Toronto will soon be able to use a new tool to battle congestion in the city by deploying Traffic Assistance Personnel (TAP) at routinely busy intersections.
“Over time, through a combination of disrespect for existing laws and failures to enforce them, our laws have become a joke and traffic has become more of a nightmare,” said Mayor John Tory during a press conference Monday morning at Yonge and Sheppard.
“There is no reason why a vehicle in rush hour, or any other time for that matter, should be blocking an intersection or that a vehicle should be blocking traffic waiting to make an illegal left turn.”
The city plans to deploy the service to better manage vehicles and pedestrians at high volume intersections. TAP will have the authority to direct traffic, manage pedestrian flow and keep the intersection clear of vehicles.
The pilot program, which is scheduled to begin June 15, will focus on eight intersections in areas throughout the city with paid duty police officers used to assess the impact and effectiveness of the initiative.
The areas include:
Bay St. and Queen St.
Front St. and Simcoe St.
Lakeshore Blvd. and Parklawn Rd.
Yonge St. and Sheppard Ave.
Front St. and University Ave.
Bay St. and Bloor St.
University Ave. and Adelaide St.
Bay St. and Front St.
If successful, the city says it will then ask the province if they can deploy civilians on a full-time basis in place of paid duty officers.
“That is under active discussion with the province of Ontario now.

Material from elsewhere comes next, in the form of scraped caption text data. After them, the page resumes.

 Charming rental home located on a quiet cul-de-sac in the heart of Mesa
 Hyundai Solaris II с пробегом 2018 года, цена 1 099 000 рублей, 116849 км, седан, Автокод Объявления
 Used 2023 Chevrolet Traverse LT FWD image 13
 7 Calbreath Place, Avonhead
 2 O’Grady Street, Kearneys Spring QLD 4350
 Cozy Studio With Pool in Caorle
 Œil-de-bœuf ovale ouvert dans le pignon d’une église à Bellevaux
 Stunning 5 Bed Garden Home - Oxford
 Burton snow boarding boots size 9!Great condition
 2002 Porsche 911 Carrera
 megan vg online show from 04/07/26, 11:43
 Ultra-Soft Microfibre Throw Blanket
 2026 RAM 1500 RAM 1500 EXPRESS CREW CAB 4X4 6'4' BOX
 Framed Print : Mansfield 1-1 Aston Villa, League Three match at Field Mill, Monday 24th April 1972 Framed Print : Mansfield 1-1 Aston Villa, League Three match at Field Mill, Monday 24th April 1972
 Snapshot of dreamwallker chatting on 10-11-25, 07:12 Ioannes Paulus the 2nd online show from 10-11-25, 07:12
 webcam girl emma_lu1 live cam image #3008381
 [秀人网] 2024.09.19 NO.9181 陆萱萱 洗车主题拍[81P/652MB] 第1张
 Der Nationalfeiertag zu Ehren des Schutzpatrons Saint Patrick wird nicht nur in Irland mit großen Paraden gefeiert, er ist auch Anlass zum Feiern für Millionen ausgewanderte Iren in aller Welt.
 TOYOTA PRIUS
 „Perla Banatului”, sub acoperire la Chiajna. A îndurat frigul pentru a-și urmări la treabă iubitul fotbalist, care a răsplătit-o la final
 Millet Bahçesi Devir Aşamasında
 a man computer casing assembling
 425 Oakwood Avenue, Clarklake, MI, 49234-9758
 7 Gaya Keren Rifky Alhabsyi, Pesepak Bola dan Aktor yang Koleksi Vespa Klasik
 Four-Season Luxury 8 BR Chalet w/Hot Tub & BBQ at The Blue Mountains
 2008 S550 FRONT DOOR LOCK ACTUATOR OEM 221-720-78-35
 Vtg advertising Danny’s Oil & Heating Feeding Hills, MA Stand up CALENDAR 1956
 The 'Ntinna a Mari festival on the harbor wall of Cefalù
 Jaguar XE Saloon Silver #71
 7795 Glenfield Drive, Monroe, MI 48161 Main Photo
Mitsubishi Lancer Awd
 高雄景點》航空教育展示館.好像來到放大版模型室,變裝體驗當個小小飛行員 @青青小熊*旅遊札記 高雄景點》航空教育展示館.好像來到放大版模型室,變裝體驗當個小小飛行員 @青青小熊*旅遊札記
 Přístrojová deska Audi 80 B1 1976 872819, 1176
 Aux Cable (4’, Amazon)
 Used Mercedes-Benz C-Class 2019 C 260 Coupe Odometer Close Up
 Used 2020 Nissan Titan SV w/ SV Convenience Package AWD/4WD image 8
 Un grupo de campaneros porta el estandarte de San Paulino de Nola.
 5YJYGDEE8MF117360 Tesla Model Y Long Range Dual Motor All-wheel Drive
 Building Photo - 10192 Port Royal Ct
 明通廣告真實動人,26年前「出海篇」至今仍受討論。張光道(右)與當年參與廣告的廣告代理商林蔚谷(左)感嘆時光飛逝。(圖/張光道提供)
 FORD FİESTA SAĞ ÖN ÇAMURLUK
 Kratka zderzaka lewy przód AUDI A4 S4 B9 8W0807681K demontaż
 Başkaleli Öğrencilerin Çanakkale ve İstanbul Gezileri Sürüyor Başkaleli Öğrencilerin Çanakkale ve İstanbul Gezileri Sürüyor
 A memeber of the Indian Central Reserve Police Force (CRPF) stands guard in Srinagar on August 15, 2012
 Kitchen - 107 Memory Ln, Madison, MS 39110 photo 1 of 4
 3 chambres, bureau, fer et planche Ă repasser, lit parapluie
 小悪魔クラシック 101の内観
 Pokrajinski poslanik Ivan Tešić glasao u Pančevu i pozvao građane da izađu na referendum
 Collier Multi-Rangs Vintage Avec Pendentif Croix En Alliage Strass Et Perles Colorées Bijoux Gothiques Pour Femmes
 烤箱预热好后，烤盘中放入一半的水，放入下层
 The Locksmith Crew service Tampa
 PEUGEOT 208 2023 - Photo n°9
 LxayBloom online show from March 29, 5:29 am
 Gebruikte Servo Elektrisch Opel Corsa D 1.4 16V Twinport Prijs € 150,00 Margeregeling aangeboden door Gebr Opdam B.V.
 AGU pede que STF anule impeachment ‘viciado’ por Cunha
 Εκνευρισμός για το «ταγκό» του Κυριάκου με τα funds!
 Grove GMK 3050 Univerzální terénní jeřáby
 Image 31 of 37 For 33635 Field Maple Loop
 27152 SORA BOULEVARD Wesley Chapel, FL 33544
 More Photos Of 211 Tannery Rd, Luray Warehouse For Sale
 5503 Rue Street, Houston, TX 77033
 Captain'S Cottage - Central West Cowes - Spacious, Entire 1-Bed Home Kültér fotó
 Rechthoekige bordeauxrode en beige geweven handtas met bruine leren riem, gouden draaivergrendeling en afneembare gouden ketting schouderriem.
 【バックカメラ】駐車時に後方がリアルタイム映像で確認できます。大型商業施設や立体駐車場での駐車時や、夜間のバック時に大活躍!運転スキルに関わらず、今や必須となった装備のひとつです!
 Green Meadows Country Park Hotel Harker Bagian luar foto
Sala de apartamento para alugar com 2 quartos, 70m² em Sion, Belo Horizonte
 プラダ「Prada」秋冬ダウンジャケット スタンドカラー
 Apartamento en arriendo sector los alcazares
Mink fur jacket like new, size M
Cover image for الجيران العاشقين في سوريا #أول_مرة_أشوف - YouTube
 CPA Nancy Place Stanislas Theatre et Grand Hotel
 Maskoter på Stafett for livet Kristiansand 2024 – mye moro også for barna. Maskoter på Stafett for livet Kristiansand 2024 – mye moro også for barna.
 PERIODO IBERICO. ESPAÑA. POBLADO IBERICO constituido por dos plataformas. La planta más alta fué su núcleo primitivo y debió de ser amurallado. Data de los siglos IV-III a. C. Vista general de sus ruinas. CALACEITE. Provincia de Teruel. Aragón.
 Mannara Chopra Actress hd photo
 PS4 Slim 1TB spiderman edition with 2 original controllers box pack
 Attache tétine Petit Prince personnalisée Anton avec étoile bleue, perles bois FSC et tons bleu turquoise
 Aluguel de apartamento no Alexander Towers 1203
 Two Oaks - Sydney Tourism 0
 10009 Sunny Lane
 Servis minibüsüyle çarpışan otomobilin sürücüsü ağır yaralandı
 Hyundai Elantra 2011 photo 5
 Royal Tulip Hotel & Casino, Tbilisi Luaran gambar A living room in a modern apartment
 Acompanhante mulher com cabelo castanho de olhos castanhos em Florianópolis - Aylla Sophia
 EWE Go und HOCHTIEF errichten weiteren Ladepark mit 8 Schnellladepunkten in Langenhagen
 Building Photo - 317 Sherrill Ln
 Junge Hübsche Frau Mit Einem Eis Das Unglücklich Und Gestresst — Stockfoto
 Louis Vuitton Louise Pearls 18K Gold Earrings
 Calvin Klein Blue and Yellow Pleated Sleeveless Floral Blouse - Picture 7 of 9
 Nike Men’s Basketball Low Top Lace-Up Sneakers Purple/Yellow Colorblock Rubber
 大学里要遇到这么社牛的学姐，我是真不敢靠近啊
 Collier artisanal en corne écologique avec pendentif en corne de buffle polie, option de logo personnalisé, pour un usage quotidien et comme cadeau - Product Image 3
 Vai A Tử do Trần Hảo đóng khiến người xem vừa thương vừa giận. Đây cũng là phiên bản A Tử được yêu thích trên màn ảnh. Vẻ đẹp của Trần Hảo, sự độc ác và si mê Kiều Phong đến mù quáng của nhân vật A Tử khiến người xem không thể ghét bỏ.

I raised it directly with the premier and they’re working on it and seeking to clarify the law to make absolutely sure that if we want to deploy non-police officers, like they do in Vancouver, New York and Chicago, that we would have the legal authority to do so,” explained Tory.
The city says the pilot project will cost $250,000 to start with money already allocated from the 2016 budget.
Since being elected to office, Tory has made it a crusade of his to increase traffic flow in the city by clamping down on illegal parking, better road closure reporting and traffic enforcement, improving traffic signals and speeding up construction projects on main arteries.